因为胶原蛋白有助于细胞的生长和机体的止血,促进伤口愈合。不仅在食品工程上,在美容和医疗等领域均有广泛应用。胶原蛋白作为生物材料同时还具有低免疫原性,几乎不具有抗原性;细胞和组织之间起着很好的相互作用,成膜保护伤口。
现在主要使用的胶原蛋白一般从动物的皮肤肌腱等地方中提取(主要为皮胶原)。这些过程有很多难以克服的缺点:具有病毒和抗原性,容易导致免疫排斥反应;提取方法复杂且污染严重;而且原材料获取困难且难以长时间储存,制造成本高难以大规模量产。

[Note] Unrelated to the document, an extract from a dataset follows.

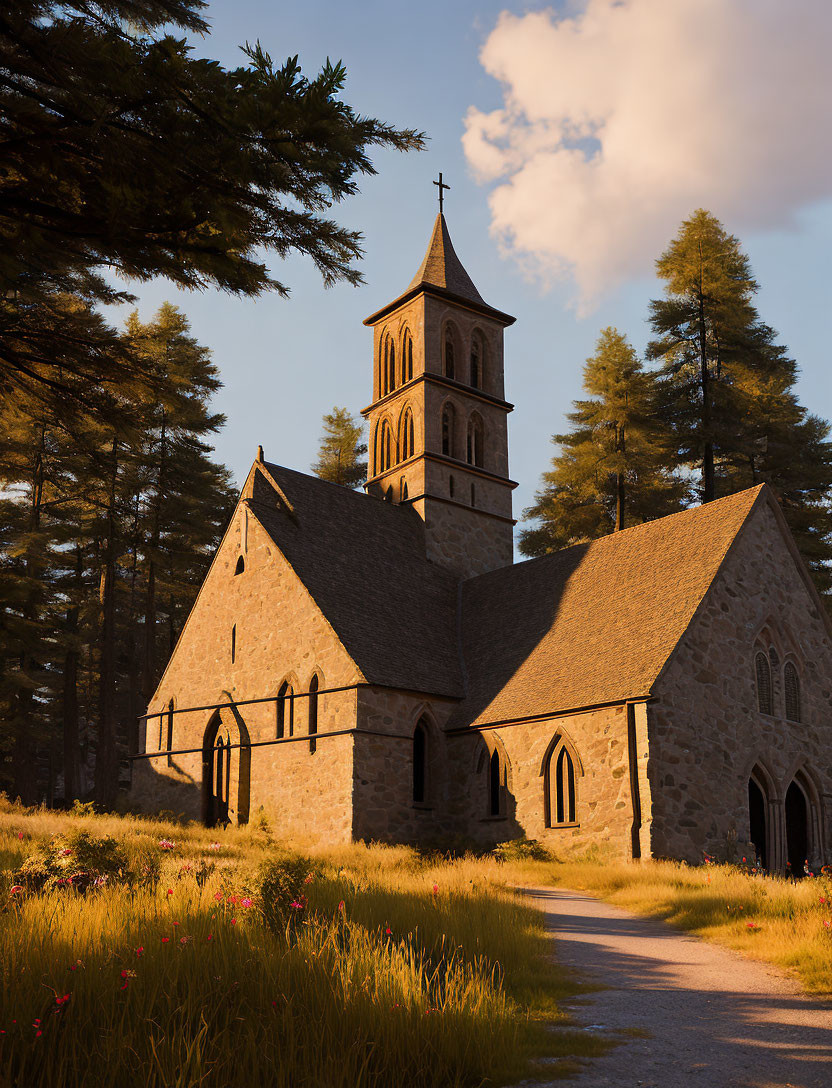 Stone Church with Bell Tower at Sunset Among Pine Trees and Wildflowers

重组人胶原蛋白基于人类胶原蛋白的主要功能序列,通过基因工程重组 DNA,设计和编码该基因序列和分泌序列进入工程菌内。在不改变胶原蛋白的功能特性下,克服了动物源胶原蛋白的大多数缺点。利用巴斯德毕赤酵母(Pichia pastoris)为工程菌的外源蛋白表达系统,成本低易于培养且表达量高。只额外引入脯氨酸羟化酶的基因,即可构建出可以表达人源胶原蛋白的工程菌。而且毕赤酵母作为真核表达系统可以对外源蛋白进行修饰,同时去除了细菌内毒素的问题。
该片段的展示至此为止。